:: Activity ::
After counting the lines below that contain "Building", reply with that number alone.
....
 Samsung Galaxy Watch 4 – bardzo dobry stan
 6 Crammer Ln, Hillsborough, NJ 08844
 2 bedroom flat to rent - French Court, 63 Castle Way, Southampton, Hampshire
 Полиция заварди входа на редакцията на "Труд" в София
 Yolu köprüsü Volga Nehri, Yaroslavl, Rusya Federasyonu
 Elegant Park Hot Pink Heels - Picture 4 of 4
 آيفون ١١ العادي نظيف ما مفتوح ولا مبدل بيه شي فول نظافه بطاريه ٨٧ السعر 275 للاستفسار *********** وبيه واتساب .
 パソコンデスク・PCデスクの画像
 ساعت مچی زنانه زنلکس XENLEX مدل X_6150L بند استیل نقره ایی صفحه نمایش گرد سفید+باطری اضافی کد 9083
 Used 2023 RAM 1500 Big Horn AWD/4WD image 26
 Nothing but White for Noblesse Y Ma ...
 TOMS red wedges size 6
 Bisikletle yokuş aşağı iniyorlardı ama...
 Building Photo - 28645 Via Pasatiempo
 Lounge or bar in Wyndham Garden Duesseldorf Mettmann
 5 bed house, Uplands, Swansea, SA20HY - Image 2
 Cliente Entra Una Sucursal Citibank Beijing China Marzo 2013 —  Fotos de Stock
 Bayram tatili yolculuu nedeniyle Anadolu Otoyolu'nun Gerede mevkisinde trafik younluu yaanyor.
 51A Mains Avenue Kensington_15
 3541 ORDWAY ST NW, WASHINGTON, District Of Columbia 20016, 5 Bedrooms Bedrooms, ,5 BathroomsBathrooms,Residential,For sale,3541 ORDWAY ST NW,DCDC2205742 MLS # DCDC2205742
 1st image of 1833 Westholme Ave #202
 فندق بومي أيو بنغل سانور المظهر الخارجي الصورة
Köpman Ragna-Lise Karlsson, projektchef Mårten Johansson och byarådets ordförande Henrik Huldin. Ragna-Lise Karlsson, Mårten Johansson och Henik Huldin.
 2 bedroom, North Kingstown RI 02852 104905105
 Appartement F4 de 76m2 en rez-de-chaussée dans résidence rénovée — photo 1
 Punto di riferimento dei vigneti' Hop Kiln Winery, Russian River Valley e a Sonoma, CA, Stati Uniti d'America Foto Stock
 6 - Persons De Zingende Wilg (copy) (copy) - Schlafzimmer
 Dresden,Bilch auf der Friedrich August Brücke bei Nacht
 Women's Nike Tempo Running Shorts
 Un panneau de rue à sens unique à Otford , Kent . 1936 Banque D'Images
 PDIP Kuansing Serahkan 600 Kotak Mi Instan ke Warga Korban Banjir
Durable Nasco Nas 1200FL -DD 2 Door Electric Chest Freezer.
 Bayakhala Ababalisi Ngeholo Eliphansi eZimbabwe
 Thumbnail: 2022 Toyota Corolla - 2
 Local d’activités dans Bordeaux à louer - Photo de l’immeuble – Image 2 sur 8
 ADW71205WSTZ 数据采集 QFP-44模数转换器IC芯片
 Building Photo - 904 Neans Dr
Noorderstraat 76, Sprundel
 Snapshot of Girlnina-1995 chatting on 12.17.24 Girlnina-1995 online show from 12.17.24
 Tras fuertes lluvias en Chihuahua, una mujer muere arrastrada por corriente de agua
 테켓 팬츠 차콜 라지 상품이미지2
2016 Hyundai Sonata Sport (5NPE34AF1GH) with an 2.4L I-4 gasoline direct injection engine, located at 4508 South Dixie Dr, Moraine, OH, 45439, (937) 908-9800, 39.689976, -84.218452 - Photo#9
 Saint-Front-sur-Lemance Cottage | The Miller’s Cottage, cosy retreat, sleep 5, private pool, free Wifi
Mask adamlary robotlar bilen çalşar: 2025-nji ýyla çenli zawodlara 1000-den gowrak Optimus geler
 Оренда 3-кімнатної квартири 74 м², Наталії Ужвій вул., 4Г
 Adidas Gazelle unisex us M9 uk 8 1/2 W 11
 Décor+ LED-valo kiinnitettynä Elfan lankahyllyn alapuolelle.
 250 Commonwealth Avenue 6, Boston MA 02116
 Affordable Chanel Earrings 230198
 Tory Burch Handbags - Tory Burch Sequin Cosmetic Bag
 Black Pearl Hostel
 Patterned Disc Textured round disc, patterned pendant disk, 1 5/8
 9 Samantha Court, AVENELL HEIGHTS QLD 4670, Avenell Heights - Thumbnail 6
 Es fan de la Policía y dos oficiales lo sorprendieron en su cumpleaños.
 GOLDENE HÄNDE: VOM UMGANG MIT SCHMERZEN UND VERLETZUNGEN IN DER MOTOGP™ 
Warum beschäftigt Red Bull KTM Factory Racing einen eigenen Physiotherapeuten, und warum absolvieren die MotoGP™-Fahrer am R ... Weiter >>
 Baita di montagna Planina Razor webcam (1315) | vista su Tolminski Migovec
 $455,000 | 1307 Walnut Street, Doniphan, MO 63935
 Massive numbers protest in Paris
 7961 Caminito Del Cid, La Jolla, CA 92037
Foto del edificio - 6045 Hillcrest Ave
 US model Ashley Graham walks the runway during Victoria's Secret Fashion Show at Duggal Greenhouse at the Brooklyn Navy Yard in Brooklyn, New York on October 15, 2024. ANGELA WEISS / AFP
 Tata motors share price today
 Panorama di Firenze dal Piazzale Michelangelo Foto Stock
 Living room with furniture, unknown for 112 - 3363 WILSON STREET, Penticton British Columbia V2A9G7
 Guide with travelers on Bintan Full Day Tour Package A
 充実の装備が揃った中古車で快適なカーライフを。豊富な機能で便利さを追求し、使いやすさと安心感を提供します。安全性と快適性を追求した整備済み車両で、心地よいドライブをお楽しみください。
....
:: Exercise solution ::
2